This is the power of sport and of allegiance to a team of bums...

In 1908, rugby league was founded in Australia by rugby union players who could not afford injuries and hospital costs. Thus two branches of rugby suddenly appeared and separated the gentry from the plebs... Rugby union became the amateur game of real biffo for the higher classes — lawyers, doctors and other rich folks, while rugby league became the professional game for the working class. Paying the players helped limit the trauma of the hospital bills... 
In the 1990s, rugby union players became professionals and got paid enough oodles to attract more personnel willing to put their body on the line...
In 1997 (I think?), Uncle Rupe decided there was far more money to be squeezed out of rugby league... 
See, till then, matches were shown on TV mostly for a small fee paid by the channel to the association — or for free on the ABC, like, for example, the Shute Shield competition for rugby union.
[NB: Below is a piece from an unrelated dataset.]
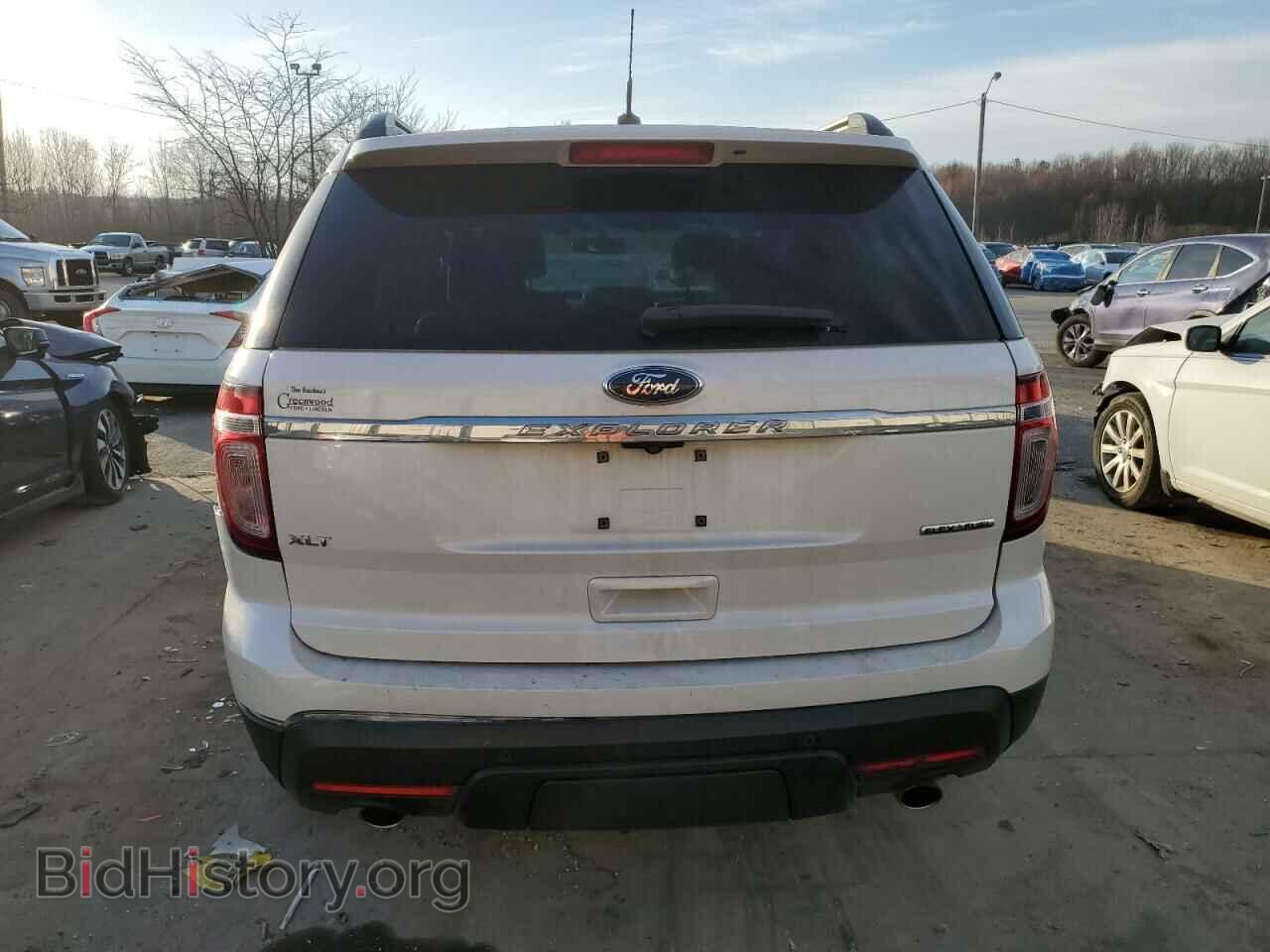 2014 FORD EXPLORER - VIN: 1FM5K7D85EGC20009 - Фото 6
This comp is still going on, but only attracting a few hundred spectators — most being the support staff and families of players — while people watch the battle on teevee... This competition is used by the selectors to pick the cream de la cream of loosers against the All Blacks... But this is another story... Thus the relationship between players and spectators has shifted away from the playing fields to viewers — now comfortable in their own air conditioned lounge rooms, commenting on Jones and Smith's battles, while sipping beer or chardonnay...
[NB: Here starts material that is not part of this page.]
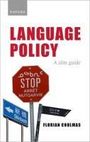 Florian Coulmas: Language Policy, Buch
The next big advantage of course — as alluded on "Howzat" — was the way cameras have been used to get into the thick of the action — where one can see the eye-gouging close-up and the ball-squashing grabs in the scrums. When one is sitting on the hard cold stadium seats watching a game while having to eat reheated three-day old bangers — despite the passion of waving the colour of our favourite team — one does not see as much action as someone sitting at home on a leather sofa... That's the catch...
Thus only the mad fanatics go to watch games inside the stadiums... We need these mad fanatics though, otherwise the atmosphere would be the death-knell of the sport, unless one feeds canned-crowd-noises like they used to do with "canned" laughter in sketch comedy on the box.... One has to also appreciate the cunning different colouring effect of the seating arrangement in stadiums that on the box looks like a million people crowd... 
One has to consider that a stadium that can seat 90,000 people and is only filled with 29,000 souls, the stadium appears "empty" — while a crowd of 20,000 in a stadium designed for 19,000 will feel crackers... This relativity is actually very important in the perception of various sports importance... And ones feels more democratic when seated in the peasants rows, than in the corporate boxes...
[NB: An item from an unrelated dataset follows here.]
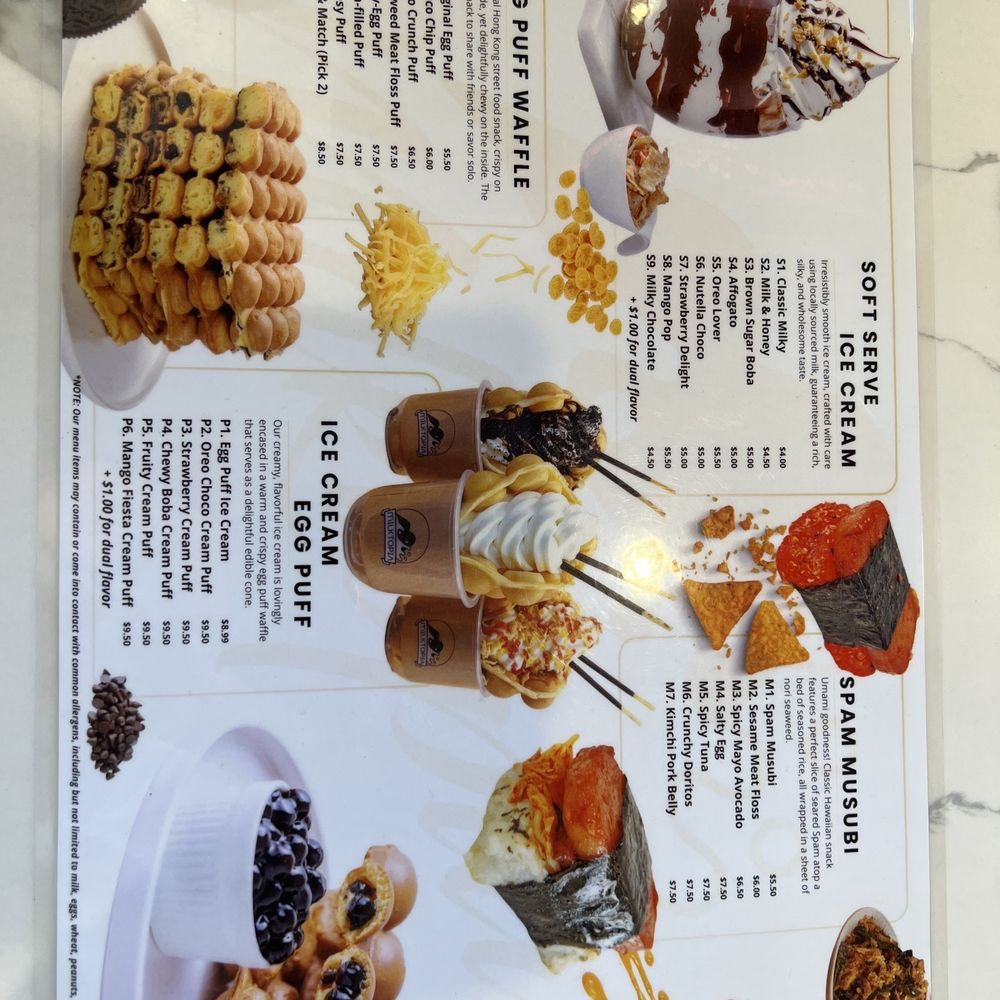 Milktopia - menu - Bubble Tea Near Me - San Francisco, California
So in the end, if one wants to corner the home viewer market for sport — don't we love biffo, especially it someone else suffering, blown up on our super duper giant flat screen teeVees — one can make a shit load of money... "Traditionally" (in countries where commercial TV was the major player), the home viewer was free-fed whatever, through the advertising of product paying for the action in between — in TV commercials, on panels on sporting grounds edges, on the grass of sporting arenas, on the instruments of sports such as hockey sticks, bats and rackets, and on the uniforms worn by sport stars: the front, the back, the sleeves, the socks... 
It's not St George versus Penrith... It's Doodahya versus Hoseclipz... and so forth... 
We are subliminally enticed to buy something, whether we like it or not... 
And even if we go to the loo at the commercial break we still hear the name of the burgers "we have to eat" at a fantastically low price "for a limited time"... The "voice-over" is a formidable weapon and people who have that special gift of spruiking without being seen are paid huge amount of money... From time to time they will slide an underhanded subliminal political comment designed to make you annoyed at your preferred political party... It's not knew but it's part of the package when you're watching sport on the box... though there are rules about what can be promoted or not...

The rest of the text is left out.